THE DATA below:
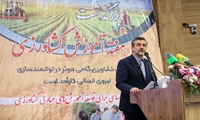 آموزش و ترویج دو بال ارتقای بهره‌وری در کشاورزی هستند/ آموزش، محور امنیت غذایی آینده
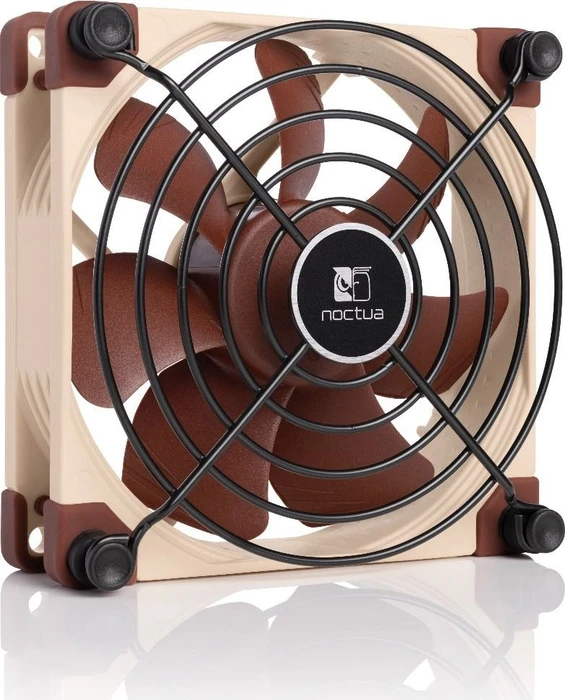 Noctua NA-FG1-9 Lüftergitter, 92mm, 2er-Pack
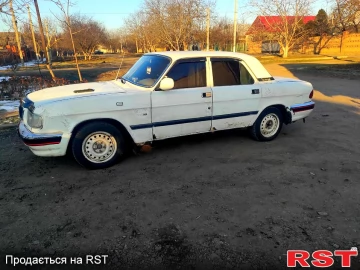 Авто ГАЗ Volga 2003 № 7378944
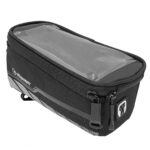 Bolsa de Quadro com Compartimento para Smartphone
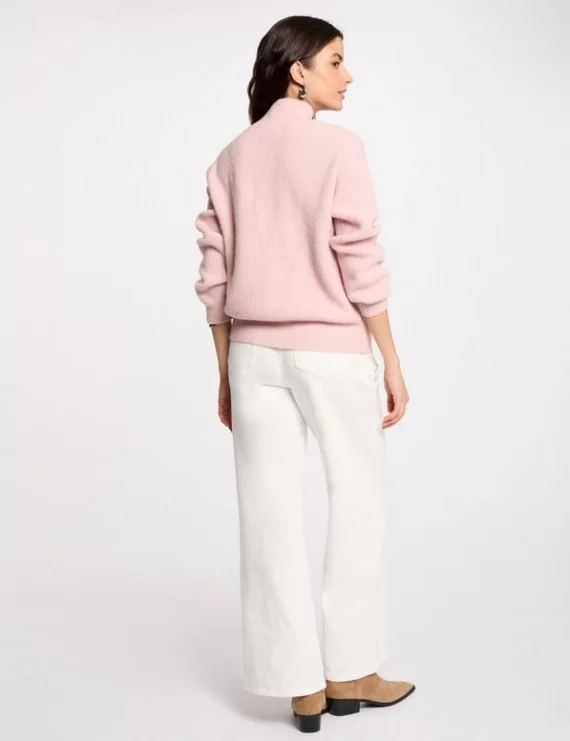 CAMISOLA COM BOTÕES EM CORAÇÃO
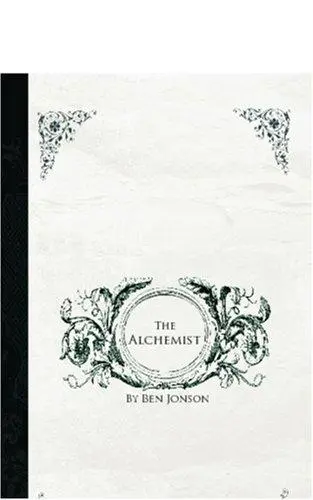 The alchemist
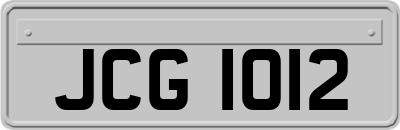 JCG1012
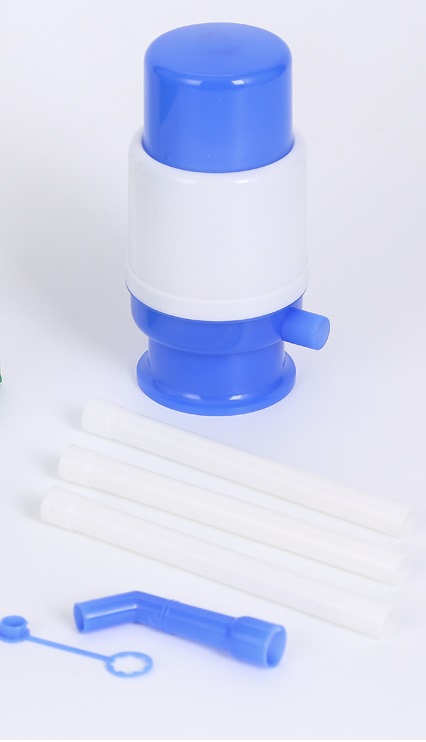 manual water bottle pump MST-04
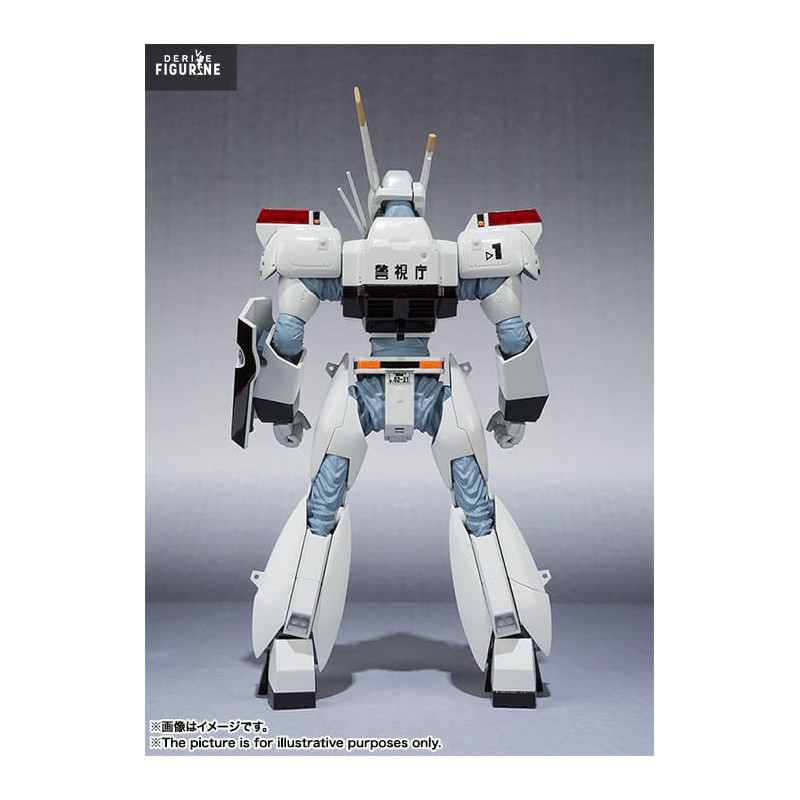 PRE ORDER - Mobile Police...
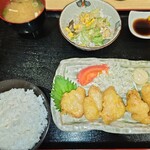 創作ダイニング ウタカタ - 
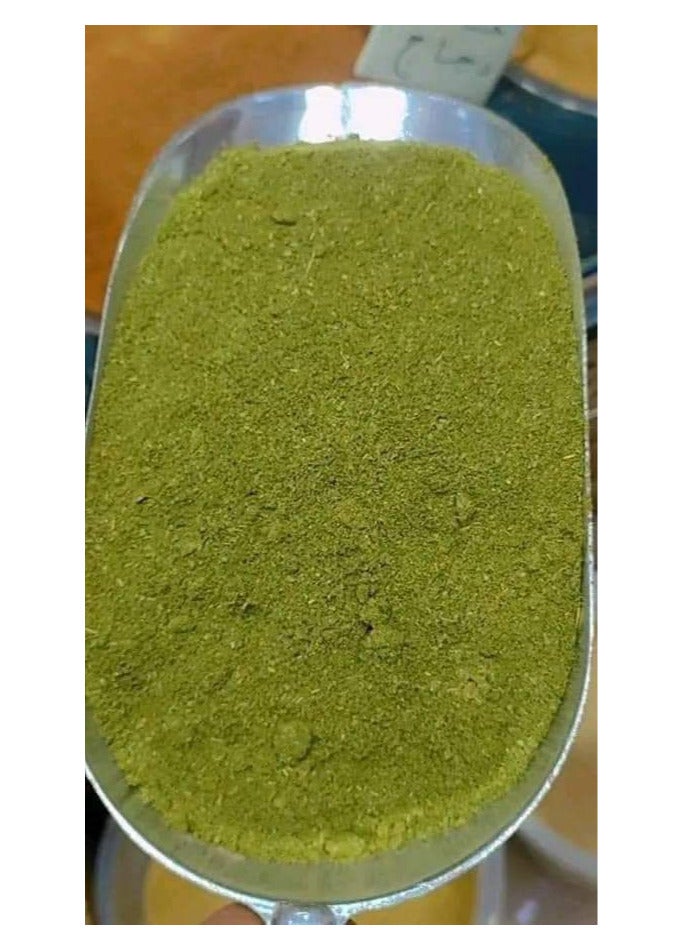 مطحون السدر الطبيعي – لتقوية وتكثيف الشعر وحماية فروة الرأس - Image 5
End of THE DATA.
**WHAT NEEDS TO BE DONE**
Retype the data exactly as it stands, but keep the images out of your copy.

**TASK OUTPUT**
 آموزش و ترویج دو بال ارتقای بهره‌وری در کشاورزی هستند/ آموزش، محور امنیت غذایی آینده
 Noctua NA-FG1-9 Lüftergitter, 92mm, 2er-Pack
 Авто ГАЗ Volga 2003 № 7378944
 Bolsa de Quadro com Compartimento para Smartphone
 CAMISOLA COM BOTÕES EM CORAÇÃO
 The alchemist
 JCG1012
 manual water bottle pump MST-04
 PRE ORDER - Mobile Police...
 創作ダイニング ウタカタ - 
 مطحون السدر الطبيعي – لتقوية وتكثيف الشعر وحماية فروة الرأس - Image 5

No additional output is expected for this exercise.